La riforma linguistica e ortografica promossa da Carlo Magno è una delle operazioni più influenti perché standardizza uno strumento di comunicazione indispensabile per i collegamenti all’interno dell’impero creando, nello stesso tempo, un doppio movimento. Da un lato, avremo la lingua parlata, priva per alcuni secoli di grammatica propria e di una struttura scolastica e dall’altra il latino scritto, unico mezzo di comunicazione ufficiale internazionale ma privo di capacità di rinnovamento derivante dall’uso vivo e popolare.
Durante il periodo carolingio, insomma, non solo c’è una forte riscoperta dell’ortografia, delle regole grammaticali (tra cui l’analisi grammaticale vera e propria, ovvero quella dei sostativi, dei verbi e della classificazione per genere, numero, ecc.), ma anche della sintassi.
Grazie a un’intensa scolarizzazione e al recupero di modelli più tardo antichi che classici, grazie anche alla formazione di una nuova classe letterata di provenienza internazionale, nuove esigenze sociale e culturali favoriscono la produzione di una quantità importante di testi letterari, tra cui la poesia (oltre a indovinelli, biglietti da visita, le vite dei santi, gli itinerari geografici, l’epica comunitaria e istituzionale, gli epigrammi, i poemetti su erbe e giardini

In terzo luogo, l’enciclopedismo, soprattutto di Isidoro di Siviglia.

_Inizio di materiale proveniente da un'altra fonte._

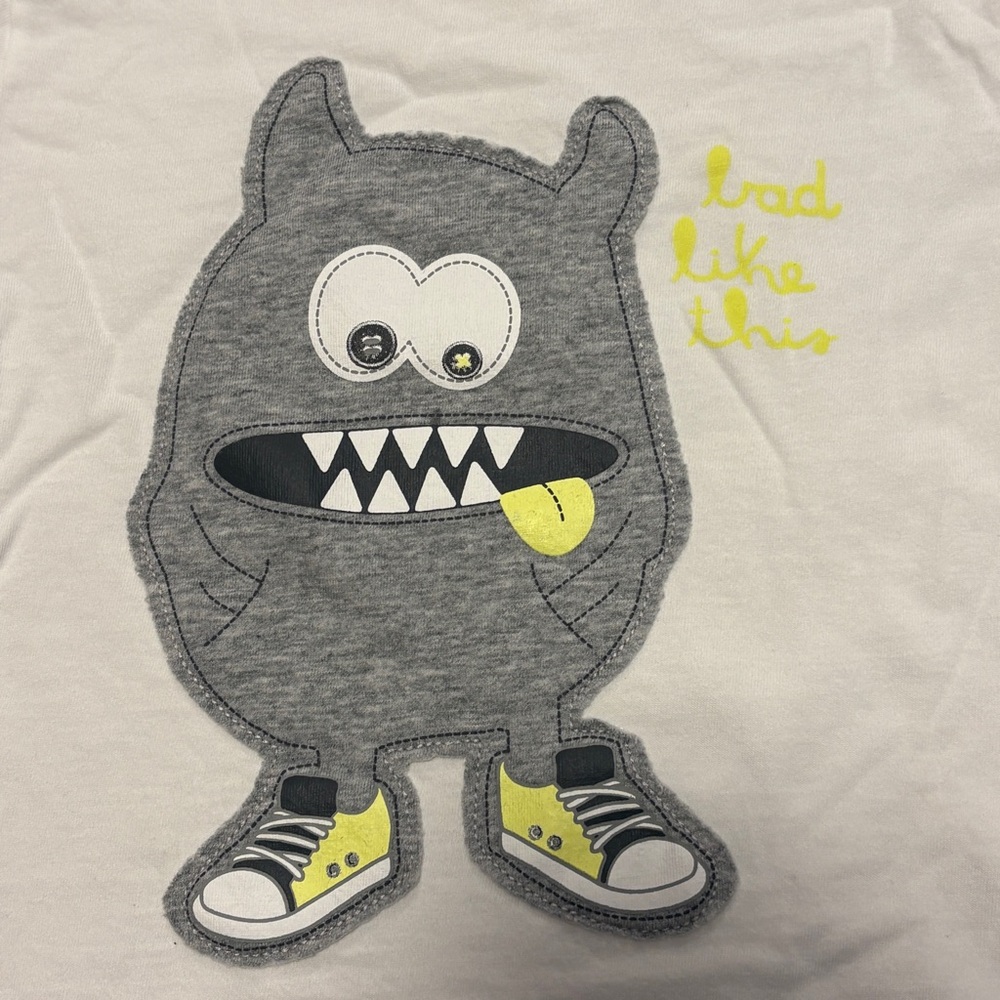 4/$20 BENETTON T-shirt XS Size 4-5 - Picture 2 of 4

Esiste una vocazione a compendiare e fornire organicità a tutto il sapere in forma di artes è un tratto distintivo delle artes liberales. Riporto un concetto che a me è piaciuto molto (p. 469).

“Tutto il patrimonio culturale greco-romano scampato alla caduta dell’impero è disperso in una miriade di opere complesse e di difficile lettura per uomini capaci solo di rapportarsi a conoscenze e nozioni di tipo compendiario e semplificato. Da qui la necessità di recuperare e riordinare tutto il sapere antico […], per sottrarlo al fenomeno generalizzato di disgregazione della tradizione culturale, per risollevare l’organizzazione della scuola e soprattutto per venire incontro alle nuove esigenze della cristianità: facilitare la comprensione della Bibbia, preservare le verità teologiche dalla dispute sorte tra cattolici e ariani, trasmettere agli individui investiti di responsabilità politico-pastorali o dediti alla elaborazione di un nuovo sapere tutti gli elementi di cui si è arricchita la storia cristiana. […] Nel generale processo di ridistribuzione e riorganizzazione dei poteri politici le responsabilità legate alla preservazione e alla trasmissione del sapere vengono interamente delegate alle istituzioni ecclesiastiche e monastiche. La dimensione religiosa giunge così a permeare di sé anche la sfera culturale: lo sfondo teologico che guida il processo di trasmissione del sapere antico perseguito dai Patres diventa la ragione stessa del recupero sincretistico della cultura antica, portato avanti separatamente da intellettuali attivi in diverse regioni dell’ex Impero romano.”